I wish Trump could see them: a mother of three in Cameroon dying after her birth attendant sat on her stomach to hasten delivery; a woman in Niger collapsing from a common complication called eclampsia; a 15-year-old girl in Chad whose family dealt with her labor complications by taking her to a healer who diagnosed sorcery and burned her arm as she lay in a coma.

With this new order, Trump will inadvertently cause more of these horrific scenes. Maybe “war on women” sounds hyperbolic, but not if gasping, dying women are seared in your memory.
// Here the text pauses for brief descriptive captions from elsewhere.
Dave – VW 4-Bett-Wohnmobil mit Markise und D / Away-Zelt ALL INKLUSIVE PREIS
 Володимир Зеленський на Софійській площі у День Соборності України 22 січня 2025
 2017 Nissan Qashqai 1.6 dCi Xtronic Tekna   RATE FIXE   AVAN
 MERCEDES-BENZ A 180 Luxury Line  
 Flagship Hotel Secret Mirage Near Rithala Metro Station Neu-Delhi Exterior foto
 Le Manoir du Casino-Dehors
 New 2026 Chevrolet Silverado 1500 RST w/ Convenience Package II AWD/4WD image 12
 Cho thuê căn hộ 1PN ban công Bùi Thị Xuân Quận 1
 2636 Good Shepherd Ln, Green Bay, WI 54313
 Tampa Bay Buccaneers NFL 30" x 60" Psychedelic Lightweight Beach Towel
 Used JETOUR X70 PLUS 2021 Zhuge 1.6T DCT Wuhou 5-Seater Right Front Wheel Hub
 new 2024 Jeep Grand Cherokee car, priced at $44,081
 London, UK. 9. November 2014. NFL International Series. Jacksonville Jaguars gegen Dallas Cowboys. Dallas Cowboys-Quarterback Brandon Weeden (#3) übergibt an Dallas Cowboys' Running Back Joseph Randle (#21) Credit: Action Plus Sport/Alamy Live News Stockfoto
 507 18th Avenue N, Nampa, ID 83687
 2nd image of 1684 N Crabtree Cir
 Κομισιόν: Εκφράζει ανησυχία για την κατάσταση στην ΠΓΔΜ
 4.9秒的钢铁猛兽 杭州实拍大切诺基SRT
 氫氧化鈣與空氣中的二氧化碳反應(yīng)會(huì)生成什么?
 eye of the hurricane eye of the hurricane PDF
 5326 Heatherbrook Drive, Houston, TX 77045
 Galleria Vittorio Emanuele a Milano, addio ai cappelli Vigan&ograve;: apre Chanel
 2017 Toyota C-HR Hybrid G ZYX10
Kristof noted that Trump’s executive action came just after millions of women and men turned out for Women’s Marches on January 21st. He writes, “I hope all of the marchers call the White House, 202-456-1111, or their members of Congress, 202-224-3121, to protest.” I tried calling that White House number multiple times during business hours last week, but only ever got a recording saying the comment line is currently closed. (You can still submit comments in writing by going to whitehouse.gov and clicking the “Get in Touch” link in the top right corner.) I hope the comment line reopens soon. Based on his actions during his first week in office, I don’t think President Trump is hearing enough from people with an adequate understanding of public health.